Originally Posted by Nansense
I feel like we have high expectations and thus the constant correcting. So how can you have high expectations and NOT be a nag?
A few of you mentioned going outside - we do a walk, bike ride almost every day. It is more of a headache than a pleasure. "Stay on the edge" "Stay near me" "Don't get too far ahead" etc.... I'm constantly shouting out directions and it's not relaxing. Yesterday, I took bike rides away for a week because they got so far ahead I couldn't see them. So we did a walk today and it was all complaining - it was all I could do to not turn around because they need it.
I know this thread is getting looooong, but this caught my eye and I didn't see it addressed elsewhere.
We live in the city, and so riding bikes/trikes safety is REALLY important. If DS (age 3.5 now) keeps riding into the intersection, he could get killed, but it's fun to ride your trike to the park, and it's good exercise. So I pick my battle: Safety. Not perfection. Safety. And do as much in advance as possible so the expectations are high.
So, before we go out the door, helmet is on or we don't leave. Then we have a talk. "When Mommy says Red Light, you stop. When Mommy says Green Light, you can go." (And at this age we've added in yellow light.) Before we go out the door, he has to tell me what Red Light and Green Light mean. I ask him if, when mommy says Red Light, if that means stop RIGHT AWAY, or keep going a little bit and then stop. He's gotta get that answer right before we go out the door. And then one more question: "What happens if mommy says Red Light and you don't stop RIGHT AWAY?" Answer: "Mommy takes the tricycle away."
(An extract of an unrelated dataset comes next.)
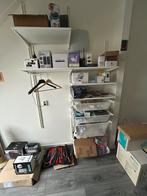 IKEA BOAXEL wandrail stellingkast combinatie, Ophalen, Zo goed als nieuw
Once the expectations are set up and clear, we can finally step outside and have fun! Yep, he's had the trike taken away on many occasions. But when he does stop, I praise him for listening well and stopping right away. Red Light keeps him from getting too far ahead of me, so there are usually 4 or 5 Red Lights per block--it's not just reserved for the intersection or driveways. And he thinks it's a fun game to play. But a Red Light is a Red Light: if he doesn't stop right away, it doesn't matter what the excuse was (claiming he couldn't hear me, or that the sidewalk was sloping downward, or that there weren't any cars in that particular driveway or whatever), I take the trike.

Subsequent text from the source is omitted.